|
This interview is based on C# In Depth, Second Edition. It is being reproduced here
by permission from Manning Publications. Manning Early Access Program (MEAP) books and ebooks are sold exclusively through
Manning. Visit the book's page for more information.
You can get an instant 40% discount on this MEAP edition by simply clicking on the
link above, and use promo code egghead40 |
BROMBERG: Hi, this is Peter Bromberg. I'm on with Jon Skeet. I met Jon some years ago on the
Microsoft campus. There were a lot of discussions about C# and its evolution,
and I can't remember Jon if that was C# 3.0 or what - I think it was C# 3.0.
SKEET: I think that we were talking about C# 3.0 but C# 2.0 was about to be released.

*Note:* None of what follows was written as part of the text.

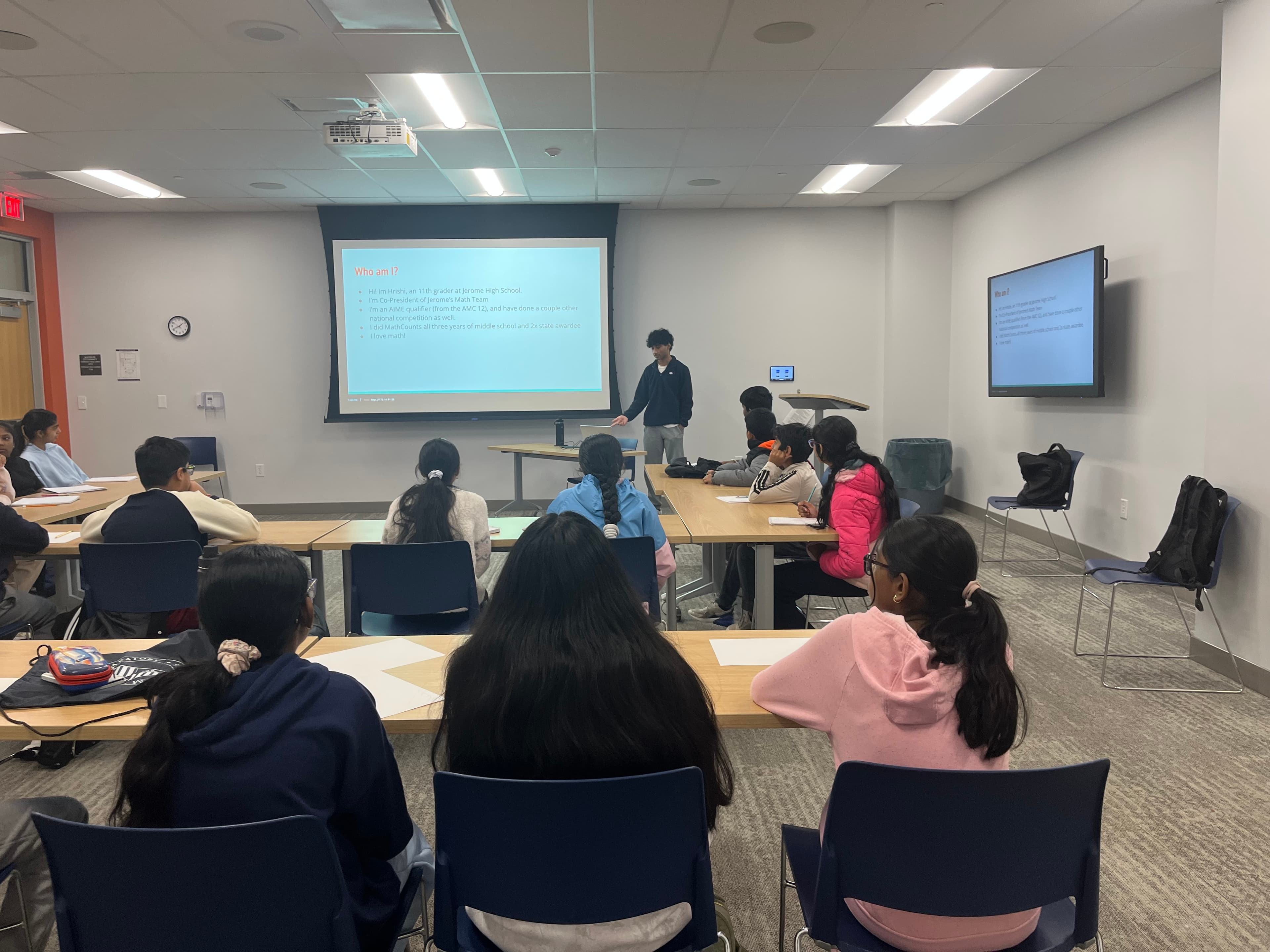 Competition math workshop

BROMBERG: I see. They're always one step ahead of us, aren't they? But anyway, Jon now works
for Google, and of course we should tell
you that whatever Jon says is his own view and not that of his employer or any of
its affiliates. So, Jon you've got a new edition of your C# In Depth book out,
its edition two, which I've read partially. I especially like the way that it's
laid out. I wonder if you'd tell us a little bit about your motivation for writing
this book.
SKEET: So I'd previously worked with Manning, the publisher of Groovy In Action and was
looking for something to do. I was always more keen on C# than Java which is
the other language I primarily work with. I had a few ideas knocking around for
a Java book, possibly looking at some of the core bits of Java - string handling,
number handling, date handling things that are really important that people often
get wrong. This was about the time that C# 3.0 had been announced and there were
some draft specifications going around. I was just chatting with an editor she
talked to me about writing on C# and I absolutely jumped on it. For me it's fun
to write and I always find I learn a lot about whatever I'm writing about. I
think Joe Duffy said something about you never know how much you don't know about
a topic until you start having to try to write about it. If you try to explain
something in detail you really find out the bits that you just sort of skimped
on before. So it was a chance for me to learn much more about C# and really study
it properly - and I just enjoy writing about topics that I'm enthusiastic about.
BROMBERG: And C# 3.0 was a really major move forward in my opinion - it really showed there
are people with some real vision working on that language.
SKEET: Absolutely - but at the same time there are loads of developers struggling to get
to grips with what everything means and bits that at first look like black magic.
One of my motivators was really trying to rip away all the magic so that people
could really understand what was going on under the hood. So as C# has evolved
so many more of the features really involve the compiler being quite smart. Think
anonymous types, LINQ query translations and particularly in C# to iterator blocks.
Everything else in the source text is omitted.